Раскол произошел по идеологической, политической причине. Но в большой исторической перспективе, в которой проверяются художественные ценности, идеология и политика не столь уж важны: язычник Гомер или мусульманин Низами велики и для христианина, и для атеиста, а их политические взгляды мало кому интересны. Идеологическое же разделение ветвей русской литературы не было ни абсолютным, ни однозначным. При всей идеологической унификации в Советском Союзе были несоветски и антисоветски настроенные писатели, а в русском зарубежье - настроенные просоветски, и вообще там была большая идеологическая дифференциация писателей. Хотя откровенных монархистов среди крупных писателей не было, в целом произошел сдвиг «литературы первой эмиграции «вправо» - в направлении православно-монархических ценностей. Изживание либерально-демократических иллюзий было свойственно большинству беженцев...». Но в эмигрантской печати преобладали левые партии, преимущественно эсеры. Левые издатели и редакторы, по сути, не дали И. Шмелеву закончить роман «Солдаты», усмотрев в нем «черносотенный дух», при публикации романа В. Набокова «Дар» в журнале «Современные записки» была изъята язвительная глава о Чернышевском (около пятой части всего текста): демократы XX века обиделись за вождя «революционной демократии» века XIX.

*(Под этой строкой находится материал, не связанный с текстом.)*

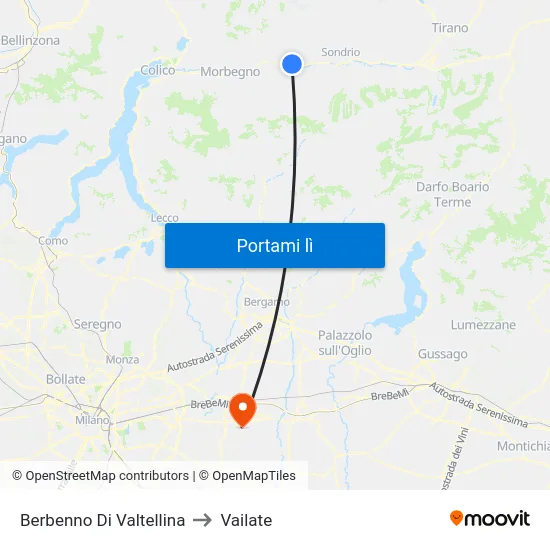Berbenno Di Valtellina to Vailate map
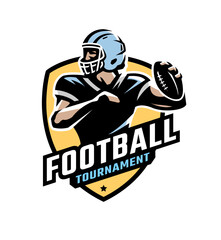 Logo, emblem with an American football player and the inscription Football tournament. Vector illustration.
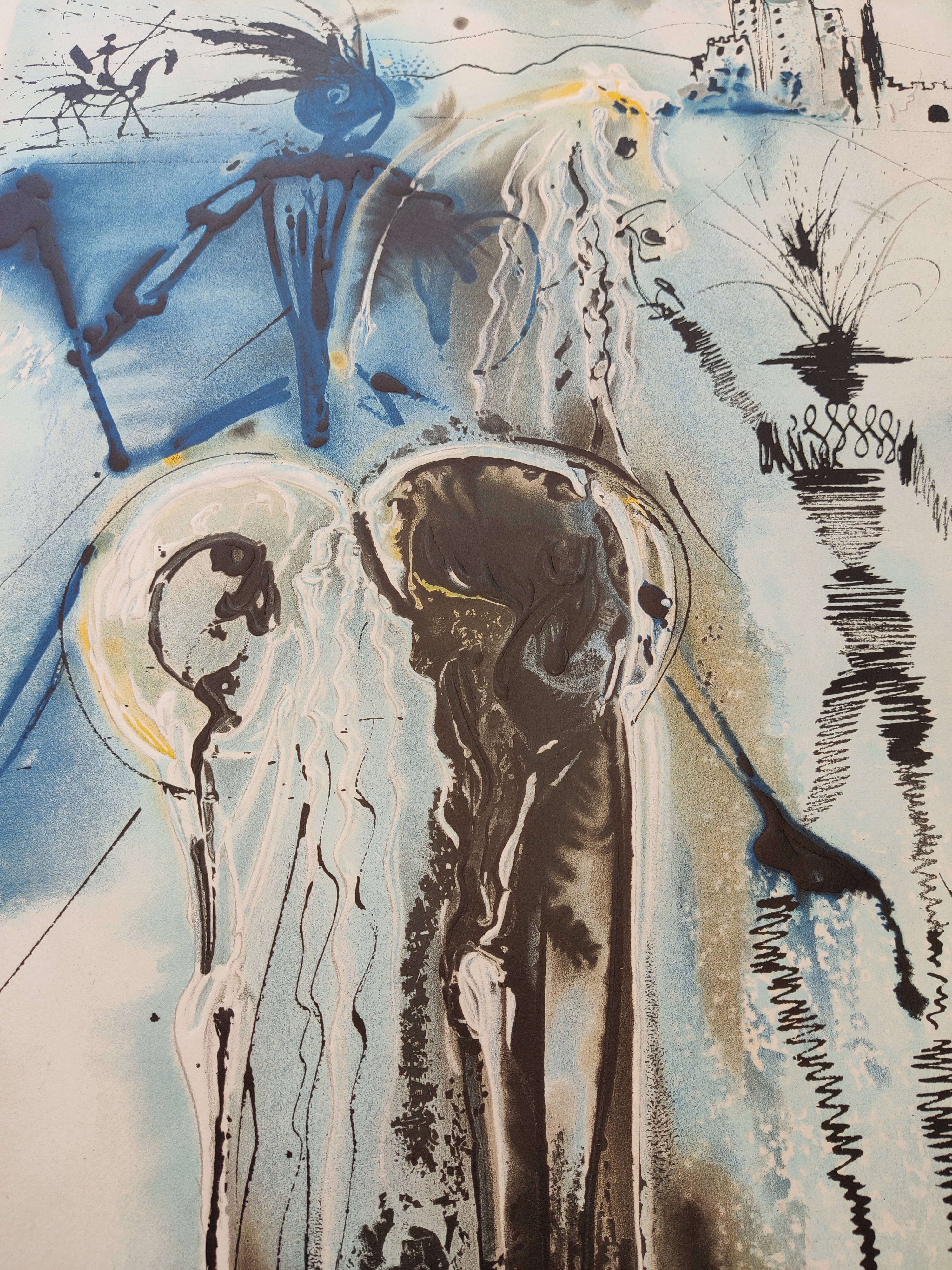 A painting of a man and a woman standing next to each other.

До конца 1980-х годов советская школа разного уровня неизменно использовала программы и учебники по литературе, созданные на основе единой версии истории общества и социологически соотнесённой с нею истории искусства, методологически восходящей к марксистско-ленинской периодизации революционных политических событий в мире и в России. Освобождение от этой догматической методологии и схематизма, именовавшегося научной традицией, предоставляли возможность поменять в учебном процессе местами тексты, давно утратившие свою привлекательность для читателя, на явления возвращённой культуры; и это обстоятельство какое-то время примиряло с остро ощущающимся ныне дефицитом учебников и программ нового поколения.
Хотя возраст первых попыток по-новому осмыслить культурное и литературное пространство ХХ столетия уже переваливает через рубеж десяти лет (Акимов В.М. Великие и трудные судьбы: Страницы литературной жизни Петрограда-Ленинграда.-Л.: Лениздат, 1990.-67с.; Скобелев, В.П. Слово далёкое и близкое: Народ – герой – жанр: [Очерки по поэтике и истории литературы]. – Самара: Кн. Изд-во, 1991.-278 с.; Голубков, М.М. Утраченные альтернативы: Формирование монистической концепции советской литературы 20-30-х годов./Рос. акад. наук, Ин-т мировой лит. им. А.М.Горького.-М.: Наследие, 1992.199с.), нельзя утверждать, что концептуальный инфантилизм и наивный эмпиризм себя полностью исчерпали в историко-литературных исследованиях. Единодушны исследователи в утверждении, что «разомкнувшееся в конце ХХ века культурное пространство» создаёт уникальную для историков литературы ситуацию, позволяющую осмыслить художественный феномен отечественной литературы во всём многообразии и сложности этого явления. Но солидарны они только в отрицании прежних вульгаризированных схем (Освобождение от догм. История русской литературы: Состояние и пути изучения: Сб. ст./РАН, Науч. сост. на рус. лит., Институт мировой литературы; Отв. ред. Д.П.Николаев.- М.: Наследие, 1997. Т.1.-308с. Т.2.-214.) и в признании необходимости выработки новой концепции историко-литературного процесса, в основу которой были бы положены «высокозначимые эстетические ресурсы, которые были накоплены в течение века русской литературой, часто и в значительной степени вопреки всем видам оказываемого на неё давления» (С.И.Тимина. Русский ХХ век//Русская литература ХХ века. Школы, направления, методы творческой работы. СПб.: «Logos»; М.: «Высшая школа», 2002.С.7).